Imagine opening a government website to fill up a form, and being presented with a whole block of text, accompanied by images that are purportedly there to guide you to the correct page for the service you need. The whole experience leaves you confused.
For persons with disabilities (PwDs) who rely on assistive technologies like screen readers and eye trackers, this is often the experience when navigating and interacting with websites.
“It could be intuitive to you if you’re seeing it holistically [with text, buttons, and pictures], but to the screen reader user, they only see one thing at a time,” says GovTech Singapore’s Principal UX Designer of Government Digital Products, Joy Ng, to GovInsider at a media conference.
Ng is part of the team behind the launch of a new website, A11y Playground, at GovTech’s Inclusive Design Week 2025.
The website helps designers, developers, and digital service owners to ensure their products meet accessibility standards.

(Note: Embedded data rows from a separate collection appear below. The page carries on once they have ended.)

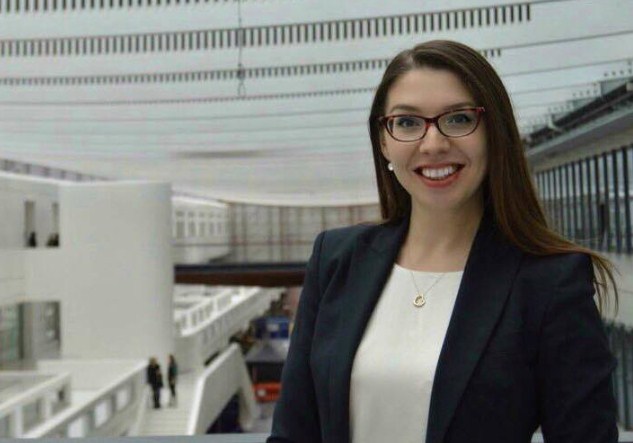 Ministria e Majkos i publikoi foton, revoltohet mjekja shqiptare: U largova prej politikave tuaja të këqija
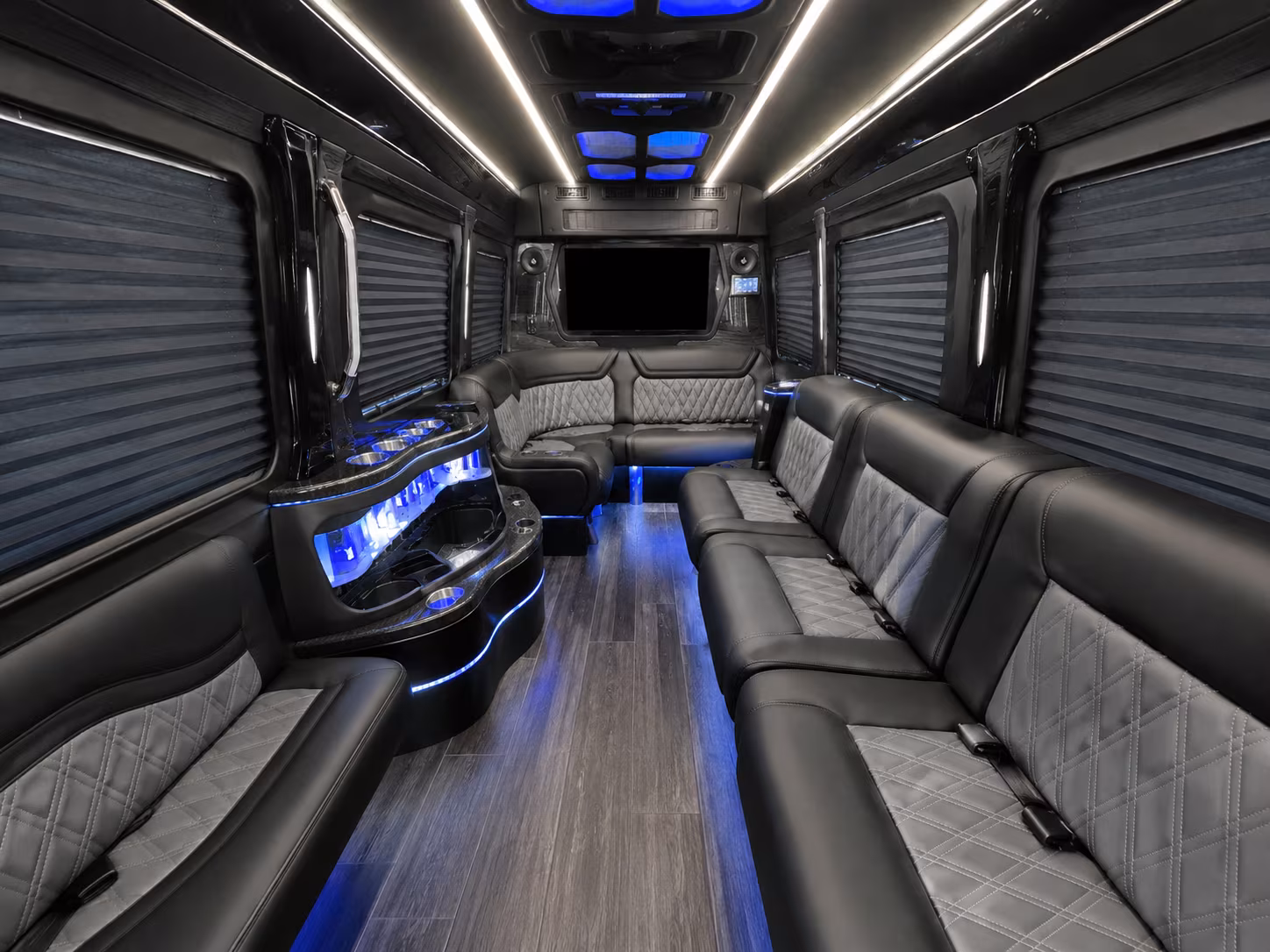 finding group transportation for corporate events and off sites in mesa is easy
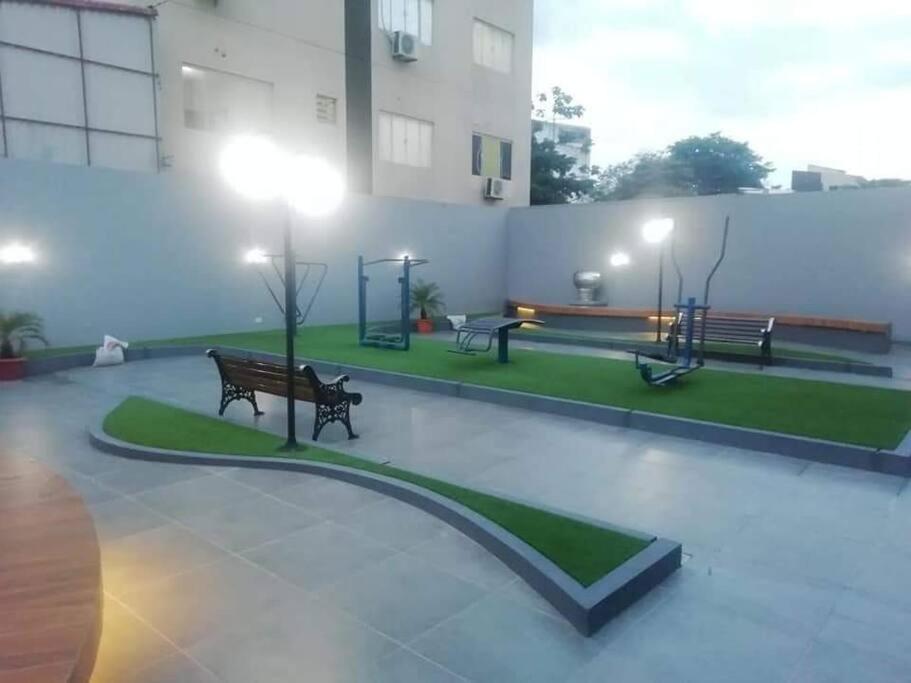 Appartement Departamentoo Nuevo Amoblado Cerca A Uagrm, Con Excelente Vista à Santa Cruz de La Sierra Extérieur photo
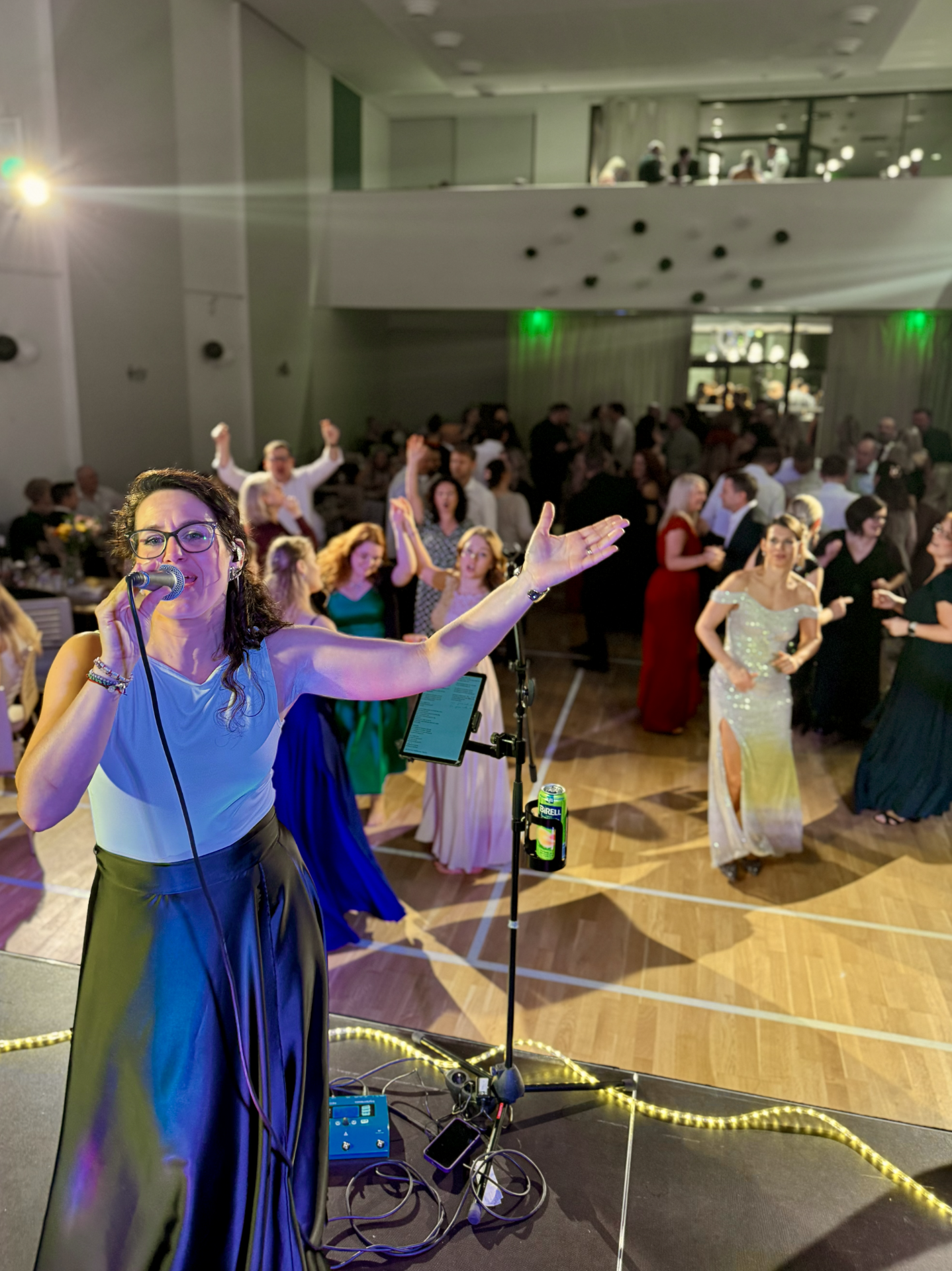 Kapela METRO baví ples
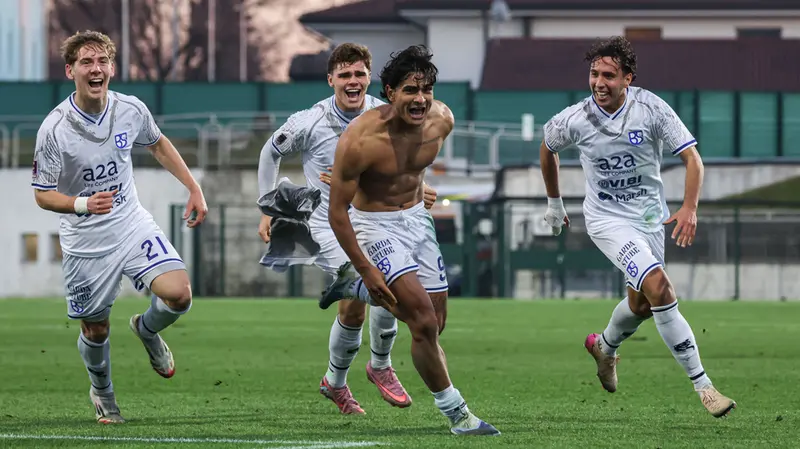 L'esultanza di Cazzadori dopo il gol alla Dolomiti Bellunesi - Foto New Reporter Nicoli © www.giornaledibrescia.it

A11y Playground includes a technical checklist to assess how accessible a digital product is, real-life stories of PwDs, and interactive games that raise awareness on the challenges that PwDs face when navigating less accessible digital services.
The website’s aim is to put accessibility into practice and at the forefront of design and development processes.
This was one of the main points shared at the Inclusive Design Week event held on July 29 at the Enabling Village in Singapore.
The conversations at the event prompted attendees to re-evaluate the accessibility of common processes like OTP authentication and QR codes, incorporating perspectives from the PwD community to foster more inclusive designs.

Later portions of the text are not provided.